До свиданья. Не поминайте лихом. Плюньте на Н.Р. Слово и эмигрантское болото. Раз Вы добрались до Америки, то так просто при Ваших "качествах" и твердости добиться успеха там. Желаю Вам этого и уверен, что именно Вы добьетесь там многого Не думаю, как не бессвязно это письмо, чтоб Вы поняли его превратно.

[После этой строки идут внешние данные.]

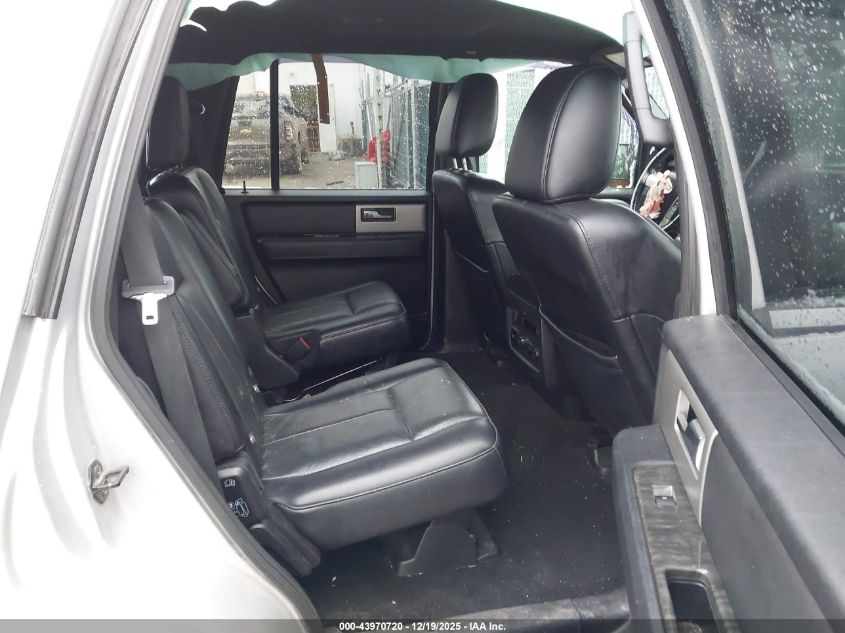 2017 Ford Expedition Limited VIN: 1FMJU2AT4HEA43456 Lot: 43970720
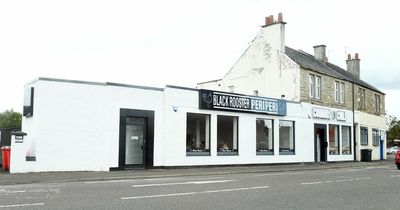 Business owner's enforcement notice appeal over two Stirling takeaways rejected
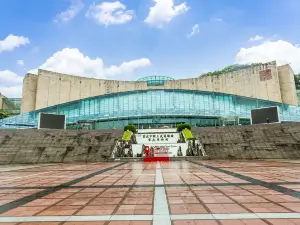 Three Gorges Museum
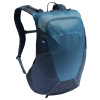 Vaude cyklistický batoh Tremalzo 10, unisex, baltic sea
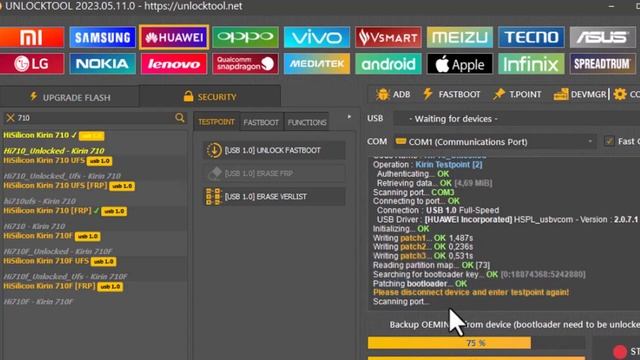 HUAWEI MATE 20 LITE FRP BYPASS | KIRIN 710 GOOGLE ACCOUNT смотреть онлайн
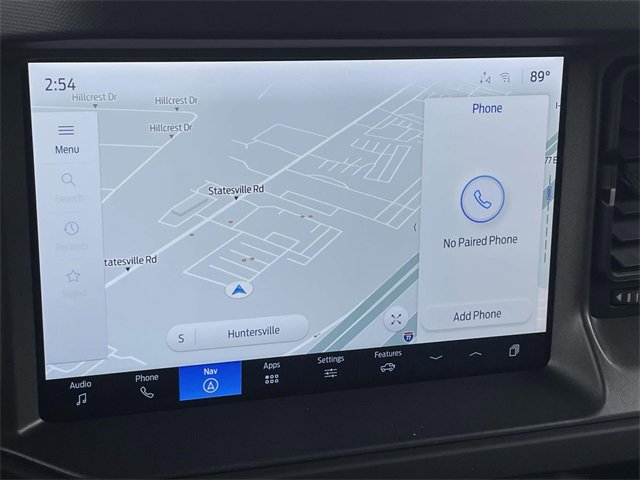 New 2025 Ford Bronco Badlands image 9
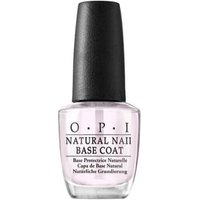 OPI - Natural Nail Base Coat 15ml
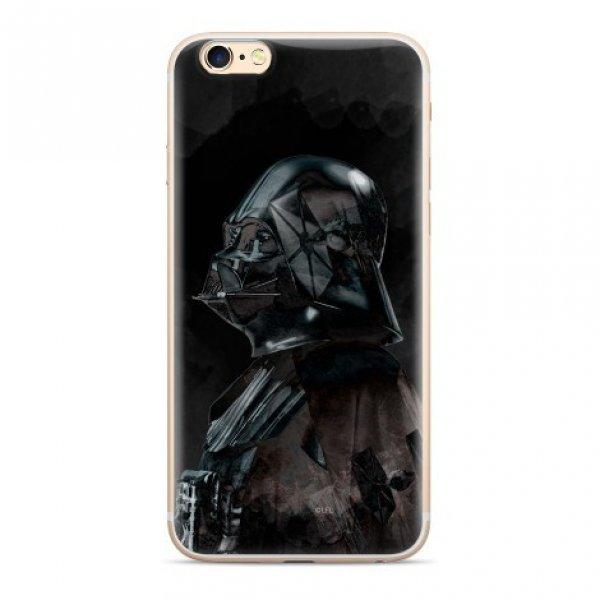 Star Wars szilikon tok - Darth Vader 003 Huawei P30 fekete (SWPCVAD706)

Целую Ваши прелестные руки.
Ваш Георгий Иванов.
К этому письму было приложено переписанное рукой Иванова его стихотворение "Мелодия становится цветком" и к нему - приписка:
Это - Вам вместо цветов. Мне этот стишок самому нравится. Я после Портрета написал уже штук сорок, и по моему хороших.
Г.И."
Из Нью-Йорка я послала ему посылку. В ответ он прислал мне следующее письмо, которое я, как и первое, печатаю без исправления описок и только меняя старую орфографию на новую:
[Монморанси, конец декабря 1951 г.]
"Дорогая Нина Николаевна,
Благодарю Вас с непростительным запозданием. Если не извинение, то объяснение этого, отчасти в том, что Ваша посылка пришла в дни когда я только что стал кое-как поправляться - была со мной как говорится, легкая "кондрашка" вроде кровоизлияния в мозг. Но, конечно, я двадцать раз должен был и мог написать Вам и не раз приступал - но то нет бумаги, то денег на марки, то начну и не допишу по лени или усталости. Простите, пожалуйста, дорогая Нина Николаевна, все эти "неуважительные основания" (была кажется такая эстетская книга Аксенова - Центрофуги?). Во всяком случае верьте, что элемента неблагодарности во всем этом не было - напротив я был - и продолжаю быть - очень очень тронутым. Вещи присланные Вами сами по себе и прекрасные и весьма мне кстати пришлись, но на старости лет я особенно стал чувствителен к вниманию, ласке, улыбке дружбы. Фраза эта звучит литературно, т.е. не так как хотел бы сказать. Но, правда, верьте моей искренности. Я не заслуживаю, вероятно, ни внимания, ни дружбы - но от этого не уменьшается, может быть увеличивается напротив потребность в них. Ну, не буду размазывать. Еще раз очень и очень благодарю Вас.